Published Catalogue Text: Stone Sculptures: The Greek, Roman and Etruscan Collections of the Harvard University Art Museums , written 1990
57
Headless Statue of a Draped Woman
She is missing only the head which may have been made separately and attached, but is more likely a clean break across the lower neck. Also missing, and smoothed off, is the end of the drapery at the left hand. The weight at the end of the drapery above the left foot is broken off. The surfaces, although cleaned, are generally in excellent condition.
She is standing, wearing a long chiton and an ample himation. The garment conceals her right hand in the drapery hanging down her right side and the left hand in the folds that fall from the right shoulder to the left side, and the part of the cloak crossing from the right side to the left shoulder.

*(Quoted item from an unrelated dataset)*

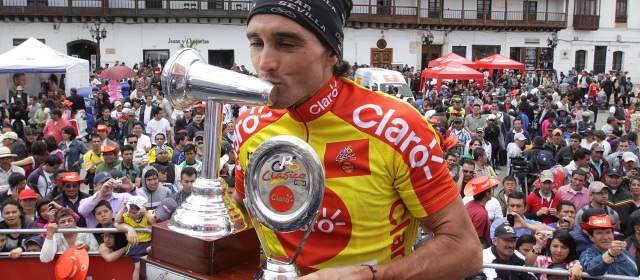 El español Óscar Sevilla no ha firmado con EPM-Une | FOTO ARCHIVO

The polish suggests the early Antonine period of the Roman Empire, but the cleanness of the drillwork could put that date back in the Flavian age.
This small statue has been recognized as a reduced replica of the Demeter in VI.5 of the Galleria dei Candelabri of the Vatican (Lippold, 1956, p. 410, no. 5, pls. 174, 175). The Vatican statue, a smaller version in the University Museum, Philadelphia, and a lifesized statue in the Torlonia Collection in Rome all have head preserved with the figures, and show a young lady with a so-called "melon coiffure." The attributes preserved in part in the lowered left hands of the Vatican and Philadelphia statues included two poppy-buds and sheaves of wheat. The youthful heads, at least one if not all of which must be ancient and pertinent, suggests the subject is Kore rather than the older, more mature Demeter. In a well-reasoned publication of the small statue in the University Museum, Karla K. Albertson has suggested the original should date about 240-230 B.C., when Berenike II of Egypt was being represented in Ptolemaic decorative art. Versions from full-scale to tabletop statuette were carved from late Hellenistic times onward for shrines and houses or gardens from Delos and Crete to Pompeii (Albertson, 1979, pp. 176-179, under no. 86).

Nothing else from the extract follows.